As part of the rate-setting process,
the Commission must also design rates which allow the utility an opportunity to
recover its revenue requirement (operating expenses plus a return of and on
investment). Revenue requirements can
be recovered through three different types of charges or rates: customer or
fixed charges;[6] usage or
energy (kWh) charges; and demand (kW) charges.
Pursuant to the enactment of the Electric Rate Reform Act in the mid-1980s,[7] the Commission endeavored to design electric rates in a manner that more closely reflected the underlying costs of service. This involved establishing rates based on the marginal cost of service, designing rates to reflect cost differences between seasons and time-of-day, and adopting inverted block rates (in which rates increase with higher usage amounts) for residential customers. This approach to ratemaking was intended to promote economic efficiency and the proper allocation of societal resources.
Operational
Efficiency
Because
utility rates are reset periodically based on an examination of the utility’s
ongoing costs, traditional regulation does not provide strong incentives for
utilities to conduct their business in the most efficient manner or to provide
their service at the lowest possible cost.
As a practical matter, the Commission’s traditional review cannot
uncover all potential inefficiencies, and the regulatory approach does not
provide incentives for efficient business operations to nearly the same degree
as a competitive market. Unlike a
competitive business that must price its product based on what the market will
bear, a utility whose costs are rising, or whose shareholder returns are
considered insufficient, can file for a rate increase. Conversely, a utility that is able to reduce
its costs through efficiency measures faces the possibility that ratepayers or
the Commission will initiate a rate case to lower rates on the grounds that the
utility’s returns are too high. Thus,
the traditional regulatory system does not instill the type of business
discipline that occurs in competitive markets.
Reliability Incentives
Under
traditional regulation, utilities were guaranteed the opportunity to obtain a
fair return on their total capital investment (referred to as ratebase). In addition, under certain circumstances, a
utility might be able to enhance its earnings per share by making additional
investments in its plant.[8] Given the utilities’ near guarantee of
recovery of investment in their systems, the incentive for utilities was to
“gold-plate” their systems to some degree to reduce any potential reliability
problems that might lead to negative public reactions and greater Commission
scrutiny. Traditional regulation has
limited effectiveness in protecting against “overbuilding” and its resulting
unnecessary increases in rates.
To
the extent that reliability problems existed despite the general incentive in
favor of capital expenditures,[9]
the primary remedy under traditional regulation was for the Commission to react
to individual customer complaints. In
addition, as part of a rate case proceeding, the Commission would ordinarily
hold public witness hearings where customers of the utility could testify about
any service problems.
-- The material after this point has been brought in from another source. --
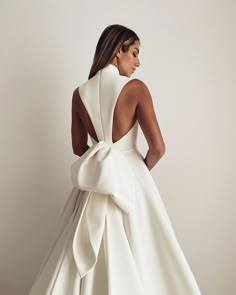 a woman in a white dress with a big bow on the back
This testimony
was often anecdotal and did not provide an objective basis to determine whether
the utility was in fact providing adequate and reliable service on a
system-wide basis. If the Commission
found that the utility was violating its general obligation to provide
reasonably reliable and adequate service, the primary tool for addressing the
matter was to penalize the utility through a reduction in the utility’s return
on equity. While any attempt to reduce
a utility’s return on equity due to service quality issues would likely be
contested and subject to court review, the potential for the Commission to act
in this manner provided some incentive for utilities to maintain adequate service.
Efficiency Incentives
Under
traditional regulation, utilities have the financial incentive to
promote the consumption of electricity, and little incentive to pursue energy
efficiency or conservation.[10] This is because total company revenues (and
thus profits) are a function of sales volumes.
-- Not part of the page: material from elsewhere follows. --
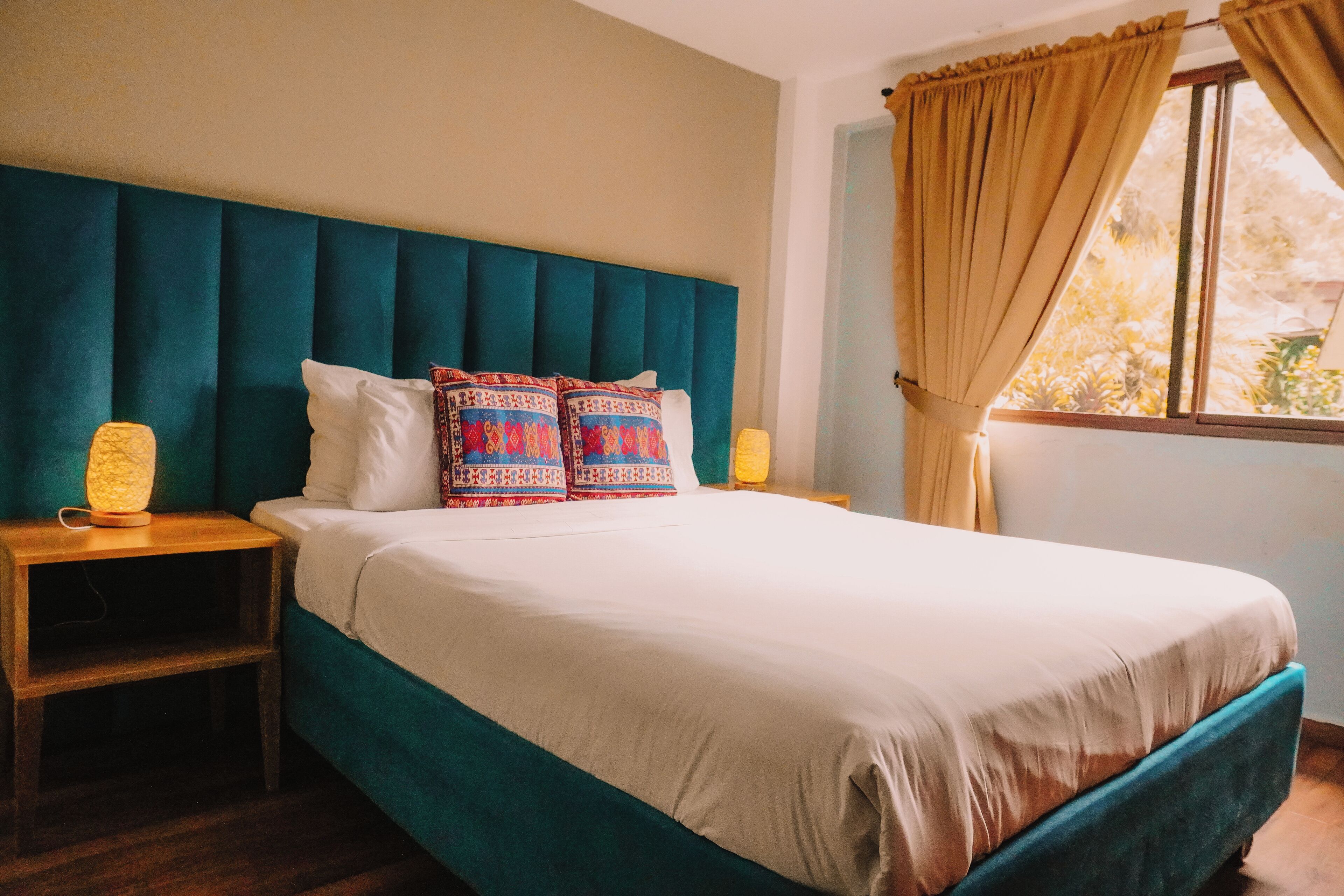 Un lit avec une tête de lit de couleur turquoise, une literie blanche et des coussins à motifs. Il y a une table de chevet avec une lampe et une petite étagère.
Thus, every kilowatt-hour sold increases profits, while every
kilowatt-hour saved lowers profits. [11] The disincentive with respect to energy
efficiency and conservation is diminished to some degree by the ability of
utilities to make up for lost revenues through periodic rate cases. However, rate cases are costly and take a
substantial amount of time during which the impact of lost revenues continues,
and the ultimate result is higher utility rates that could lead to reduced
business and public bad will. The
financial incentive between rate cases is for a utility to act to increase
electricity sales.
Prior to the restructuring of the electric industry, utilities were obligated to pursue energy efficiency and conservation measures, if such measures were less costly than the generation supply alternative. Because of the inherent disincentive against reduced consumption, the Commission was required to carefully monitor utility operations to ensure that utilities acted in a manner consistent with their legal obligations.
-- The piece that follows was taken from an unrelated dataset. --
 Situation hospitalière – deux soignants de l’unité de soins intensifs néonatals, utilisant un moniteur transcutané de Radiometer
2. Development of Alternative Regulation
In late 1993, following a series of rate increases resulting from a number of causes, including declining sales brought on by a downturn in the economy, introduction of a new rate design, and increases in utility costs above the rate of inflation, the Commission concluded that it should consider setting Central Maine Power Company’s (“CMP”) rates by means of a rate cap approach. Under a rate cap approach, CMP’s rates would be reset based on an external index over a multi-year period. The Commission concluded that a multi-year price-cap, also referred to as an incentive rate plan or Alternative Rate Plan (“ARP”), could provide the following benefits to Maine ratepayers: (1) electricity prices would continue to be regulated in a comprehensible and predictable way; (2) rate predictability and stability were more likely; (3) regulatory “administration” costs could be reduced, thereby allowing for the conduct of other important regulatory activities and for CMP to expend more time and resources in managing its operations; (4) risks could be shifted to shareholders and away from ratepayers (in a way that is manageable from the utility’s financial perspective); and (5) because exceptional cost management could lead to enhanced profitability for shareholders, stronger incentives for cost minimization would be created.[12] Because the ability of a utility to file for a rate increase is greatly restricted under an ARP, the Commission noted that there is an enhanced incentive, relative to traditional regulation, for a utility to cut costs in ways that could damage system reliability and to increase consumption by cutting back efficiency programs.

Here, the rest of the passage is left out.